Anasının Gözü Kadınlar, ABD'de Eğitim

03 Aralık 2003

Barış, Pakize Suda’nın, kadınların ne anasının gözü olduğu ve bu kadınların ellerine düşen erkeklerin de ne zavallı yaratıklar olduğu üstüne matrak bir yazısını yollamış.

Banu:
Bu yazı bana, son 1-1. 5 yıl içinde her bir arkadaşımdan en az 2'şer kere geldi. Neden bana inatla bu yazının yollandığını merak etmekle birlikte, hiçbirine cevap yazmamıştım.
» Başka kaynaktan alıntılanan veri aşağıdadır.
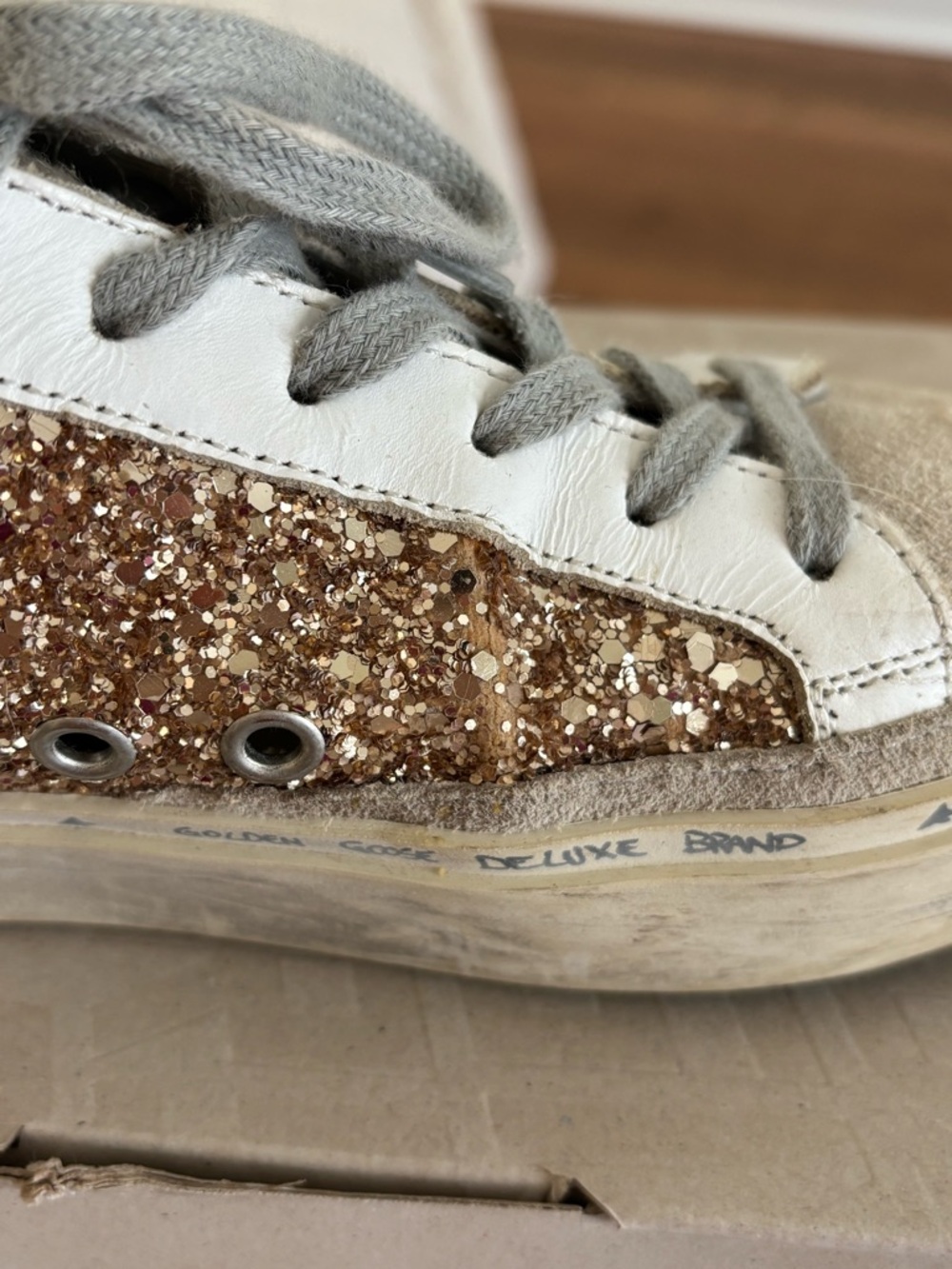 Golden Goose Gold Glitter Hi-Star - Picture 6 of 7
Ama artık bu iş benim için bir namus borcu oldu, piyango da sana çıktı. 

Bu yazıda anlatılanlarda gerçeklik payı olmakla birlikte, bu ülkede bunların tam tersi durumlar da azımsanamayacak kadar çok yaşanmakta. Burada anlatılanlar daha çok belirli bir kesimin, eski deyimle, "küçük burjuva"nın sorunları. Mahkemeler dayak yiyen, bıçaklanan, kesilen biçilen kadınların davalarıyla dolu. Bunlar sadece bilinenler. Haala pencereden bakamayan kadınlar var.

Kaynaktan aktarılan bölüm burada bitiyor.